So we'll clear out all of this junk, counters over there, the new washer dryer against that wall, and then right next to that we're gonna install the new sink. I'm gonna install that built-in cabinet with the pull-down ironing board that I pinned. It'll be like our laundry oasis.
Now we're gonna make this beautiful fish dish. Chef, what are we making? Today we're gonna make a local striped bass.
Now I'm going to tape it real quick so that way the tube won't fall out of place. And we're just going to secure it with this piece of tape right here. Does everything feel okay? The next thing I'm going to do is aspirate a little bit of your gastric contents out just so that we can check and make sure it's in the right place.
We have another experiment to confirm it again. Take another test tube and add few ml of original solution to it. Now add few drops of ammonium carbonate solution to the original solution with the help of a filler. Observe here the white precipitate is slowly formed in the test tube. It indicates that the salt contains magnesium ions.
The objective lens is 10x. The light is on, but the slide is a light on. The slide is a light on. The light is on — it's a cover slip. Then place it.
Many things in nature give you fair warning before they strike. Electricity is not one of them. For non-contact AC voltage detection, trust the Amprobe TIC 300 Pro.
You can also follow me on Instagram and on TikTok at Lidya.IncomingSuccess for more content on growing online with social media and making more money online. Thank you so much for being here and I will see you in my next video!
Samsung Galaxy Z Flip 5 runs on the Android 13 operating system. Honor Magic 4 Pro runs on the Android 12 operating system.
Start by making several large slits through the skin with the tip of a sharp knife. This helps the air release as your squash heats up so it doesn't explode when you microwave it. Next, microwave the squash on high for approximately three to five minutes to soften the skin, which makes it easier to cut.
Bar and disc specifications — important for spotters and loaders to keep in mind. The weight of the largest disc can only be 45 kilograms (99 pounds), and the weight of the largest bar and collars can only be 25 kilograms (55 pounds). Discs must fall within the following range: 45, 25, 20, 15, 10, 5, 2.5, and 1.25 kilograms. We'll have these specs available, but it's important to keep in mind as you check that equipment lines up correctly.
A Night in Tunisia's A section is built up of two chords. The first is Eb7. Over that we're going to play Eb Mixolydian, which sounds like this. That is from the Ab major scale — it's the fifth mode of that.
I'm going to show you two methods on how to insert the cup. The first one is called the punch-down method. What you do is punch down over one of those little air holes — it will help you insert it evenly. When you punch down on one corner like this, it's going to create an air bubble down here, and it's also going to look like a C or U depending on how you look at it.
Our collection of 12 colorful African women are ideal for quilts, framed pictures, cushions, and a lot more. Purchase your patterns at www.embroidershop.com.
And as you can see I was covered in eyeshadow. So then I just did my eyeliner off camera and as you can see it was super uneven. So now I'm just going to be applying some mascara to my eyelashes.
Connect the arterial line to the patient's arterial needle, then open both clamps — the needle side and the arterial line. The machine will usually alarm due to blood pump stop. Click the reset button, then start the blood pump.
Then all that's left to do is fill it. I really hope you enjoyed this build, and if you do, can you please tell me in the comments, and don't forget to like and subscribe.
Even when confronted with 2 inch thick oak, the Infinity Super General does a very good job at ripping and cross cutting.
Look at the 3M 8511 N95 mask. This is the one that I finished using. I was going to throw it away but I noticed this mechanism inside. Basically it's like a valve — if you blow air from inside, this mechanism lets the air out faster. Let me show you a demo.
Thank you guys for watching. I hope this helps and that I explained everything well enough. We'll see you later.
------------------------------
Retype all of the data exactly, so that nothing differs from what is given.

[RESPONSE BOX]:
So we'll clear out all of this junk, counters over there, the new washer dryer against that wall, and then right next to that we're gonna install the new sink. I'm gonna install that built-in cabinet with the pull-down ironing board that I pinned. It'll be like our laundry oasis.
Now we're gonna make this beautiful fish dish. Chef, what are we making? Today we're gonna make a local striped bass.
Now I'm going to tape it real quick so that way the tube won't fall out of place. And we're just going to secure it with this piece of tape right here. Does everything feel okay? The next thing I'm going to do is aspirate a little bit of your gastric contents out just so that we can check and make sure it's in the right place.
We have another experiment to confirm it again. Take another test tube and add few ml of original solution to it. Now add few drops of ammonium carbonate solution to the original solution with the help of a filler. Observe here the white precipitate is slowly formed in the test tube. It indicates that the salt contains magnesium ions.
The objective lens is 10x. The light is on, but the slide is a light on. The slide is a light on. The light is on — it's a cover slip. Then place it.
Many things in nature give you fair warning before they strike. Electricity is not one of them. For non-contact AC voltage detection, trust the Amprobe TIC 300 Pro.
You can also follow me on Instagram and on TikTok at Lidya.IncomingSuccess for more content on growing online with social media and making more money online. Thank you so much for being here and I will see you in my next video!
Samsung Galaxy Z Flip 5 runs on the Android 13 operating system. Honor Magic 4 Pro runs on the Android 12 operating system.
Start by making several large slits through the skin with the tip of a sharp knife. This helps the air release as your squash heats up so it doesn't explode when you microwave it. Next, microwave the squash on high for approximately three to five minutes to soften the skin, which makes it easier to cut.
Bar and disc specifications — important for spotters and loaders to keep in mind. The weight of the largest disc can only be 45 kilograms (99 pounds), and the weight of the largest bar and collars can only be 25 kilograms (55 pounds). Discs must fall within the following range: 45, 25, 20, 15, 10, 5, 2.5, and 1.25 kilograms. We'll have these specs available, but it's important to keep in mind as you check that equipment lines up correctly.
A Night in Tunisia's A section is built up of two chords. The first is Eb7. Over that we're going to play Eb Mixolydian, which sounds like this. That is from the Ab major scale — it's the fifth mode of that.
I'm going to show you two methods on how to insert the cup. The first one is called the punch-down method. What you do is punch down over one of those little air holes — it will help you insert it evenly. When you punch down on one corner like this, it's going to create an air bubble down here, and it's also going to look like a C or U depending on how you look at it.
Our collection of 12 colorful African women are ideal for quilts, framed pictures, cushions, and a lot more. Purchase your patterns at www.embroidershop.com.
And as you can see I was covered in eyeshadow. So then I just did my eyeliner off camera and as you can see it was super uneven. So now I'm just going to be applying some mascara to my eyelashes.
Connect the arterial line to the patient's arterial needle, then open both clamps — the needle side and the arterial line. The machine will usually alarm due to blood pump stop. Click the reset button, then start the blood pump.
Then all that's left to do is fill it. I really hope you enjoyed this build, and if you do, can you please tell me in the comments, and don't forget to like and subscribe.
Even when confronted with 2 inch thick oak, the Infinity Super General does a very good job at ripping and cross cutting.
Look at the 3M 8511 N95 mask. This is the one that I finished using. I was going to throw it away but I noticed this mechanism inside. Basically it's like a valve — if you blow air from inside, this mechanism lets the air out faster. Let me show you a demo.
Thank you guys for watching. I hope this helps and that I explained everything well enough. We'll see you later.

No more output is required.